При этом одной из фундаментальных черт постметафизического философствования как наиболее последовательной и радикальной формы постметафизического мышления является как раз наличие структурной связи между его «теоретическим» и «практическим» аспектами, между рефлексией и имплементацией, между тематическим, или пропозициональным, и перформатив-ным. Последовательное постметафизическое мышление «в себе самом» реализует «на практике» то, что оно утверждает «в суждениях». В этом отношении постметафизическое мышление представляет собой радикальную форму практической философии, радикальность которой состоит в том, что она выходит за пределы традиционного разделения теории и практики.

Из всего этого, как нам кажется, следует, что постметафизическая философия - в отличие от постметафизической установки - генетически (исторически) и категориально (систематически) связана с определенными версиями современной философии языка, а именно с такими, которые рассматривают язык в его структурной и онтологической связи с мышлением и действием. Речь здесь идет, в первую очередь, о постаналитической философии «нормального языка» и феноменологической герменевтике.

В чем специфика феноменологической герменевтики как постметафизического проекта?

В заключение мы схематично и предварительно охарактеризуем постметафизические импликации феноменологической герменевтики, которая, как нам представляется, с одной стороны, дополняет альтернативные постметафизические концепции, а с другой стороны, способна составить им конкуренцию. При этом мы попытаемся «универсализировать» данные импликации, экстраполировав их на все формы постметафизического философствования.

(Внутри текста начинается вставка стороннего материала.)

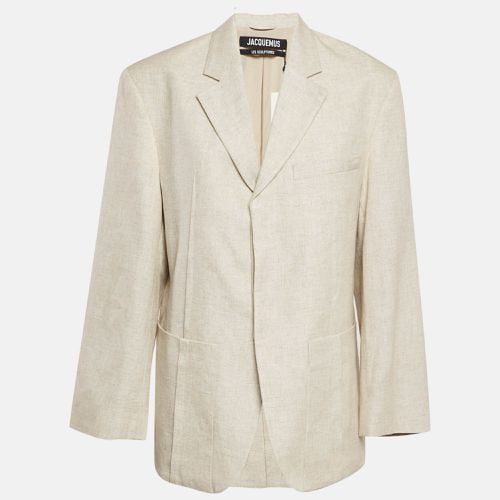 Jacquemus Light Beige Linen Blend La Veste D'Homme Blazer M - Jacquemus - Modalova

В наших рассуждениях мы будем ориентироваться на ряд ключевых слов, репрезентирующих слагаемые последовательно постметафизической позиции феноменологической герменевтики.

Универсализм

О том, что феноменологическая герменевтика репрезентирует позитивную, или трансформационную, линию «преодоления» метафизики, свидетельствует ее отношение к философскому универсализму. Универсум, с точки зрения Гадамера, составляет преимущественную тему любого философского мышления, как традиционного, так и современного. Чем тогда они различаются?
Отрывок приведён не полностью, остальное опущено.